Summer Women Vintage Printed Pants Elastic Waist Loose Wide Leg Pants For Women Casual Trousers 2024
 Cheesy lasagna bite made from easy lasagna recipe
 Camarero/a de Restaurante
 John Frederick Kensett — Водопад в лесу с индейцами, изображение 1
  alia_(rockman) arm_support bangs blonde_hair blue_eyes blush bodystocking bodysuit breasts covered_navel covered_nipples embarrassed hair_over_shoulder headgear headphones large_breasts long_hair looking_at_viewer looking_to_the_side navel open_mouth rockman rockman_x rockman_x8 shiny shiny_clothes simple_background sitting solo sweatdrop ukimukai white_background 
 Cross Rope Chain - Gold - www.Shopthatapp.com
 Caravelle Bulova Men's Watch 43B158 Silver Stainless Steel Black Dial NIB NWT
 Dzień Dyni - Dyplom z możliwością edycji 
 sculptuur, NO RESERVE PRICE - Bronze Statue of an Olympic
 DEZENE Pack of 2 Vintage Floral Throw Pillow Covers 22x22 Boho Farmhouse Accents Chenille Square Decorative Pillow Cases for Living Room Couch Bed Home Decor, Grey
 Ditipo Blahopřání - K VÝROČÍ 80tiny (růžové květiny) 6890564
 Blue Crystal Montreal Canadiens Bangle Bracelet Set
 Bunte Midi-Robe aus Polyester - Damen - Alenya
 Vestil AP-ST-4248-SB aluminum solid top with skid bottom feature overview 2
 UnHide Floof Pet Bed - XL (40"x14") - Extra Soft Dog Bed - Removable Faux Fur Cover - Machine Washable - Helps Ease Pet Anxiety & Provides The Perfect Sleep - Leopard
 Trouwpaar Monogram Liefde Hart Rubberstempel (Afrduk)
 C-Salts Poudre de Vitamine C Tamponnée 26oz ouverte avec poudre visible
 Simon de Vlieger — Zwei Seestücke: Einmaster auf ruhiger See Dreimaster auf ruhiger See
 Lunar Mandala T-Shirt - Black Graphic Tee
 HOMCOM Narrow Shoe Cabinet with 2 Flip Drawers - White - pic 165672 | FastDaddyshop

**Activity**
Print the material above verbatim, first line through the line containing "C-Salts Poudre de", both included.

**Solved exercise**
Summer Women Vintage Printed Pants Elastic Waist Loose Wide Leg Pants For Women Casual Trousers 2024
 Cheesy lasagna bite made from easy lasagna recipe
 Camarero/a de Restaurante
 John Frederick Kensett — Водопад в лесу с индейцами, изображение 1
  alia_(rockman) arm_support bangs blonde_hair blue_eyes blush bodystocking bodysuit breasts covered_navel covered_nipples embarrassed hair_over_shoulder headgear headphones large_breasts long_hair looking_at_viewer looking_to_the_side navel open_mouth rockman rockman_x rockman_x8 shiny shiny_clothes simple_background sitting solo sweatdrop ukimukai white_background 
 Cross Rope Chain - Gold - www.Shopthatapp.com
 Caravelle Bulova Men's Watch 43B158 Silver Stainless Steel Black Dial NIB NWT
 Dzień Dyni - Dyplom z możliwością edycji 
 sculptuur, NO RESERVE PRICE - Bronze Statue of an Olympic
 DEZENE Pack of 2 Vintage Floral Throw Pillow Covers 22x22 Boho Farmhouse Accents Chenille Square Decorative Pillow Cases for Living Room Couch Bed Home Decor, Grey
 Ditipo Blahopřání - K VÝROČÍ 80tiny (růžové květiny) 6890564
 Blue Crystal Montreal Canadiens Bangle Bracelet Set
 Bunte Midi-Robe aus Polyester - Damen - Alenya
 Vestil AP-ST-4248-SB aluminum solid top with skid bottom feature overview 2
 UnHide Floof Pet Bed - XL (40"x14") - Extra Soft Dog Bed - Removable Faux Fur Cover - Machine Washable - Helps Ease Pet Anxiety & Provides The Perfect Sleep - Leopard
 Trouwpaar Monogram Liefde Hart Rubberstempel (Afrduk)
 C-Salts Poudre de Vitamine C Tamponnée 26oz ouverte avec poudre visible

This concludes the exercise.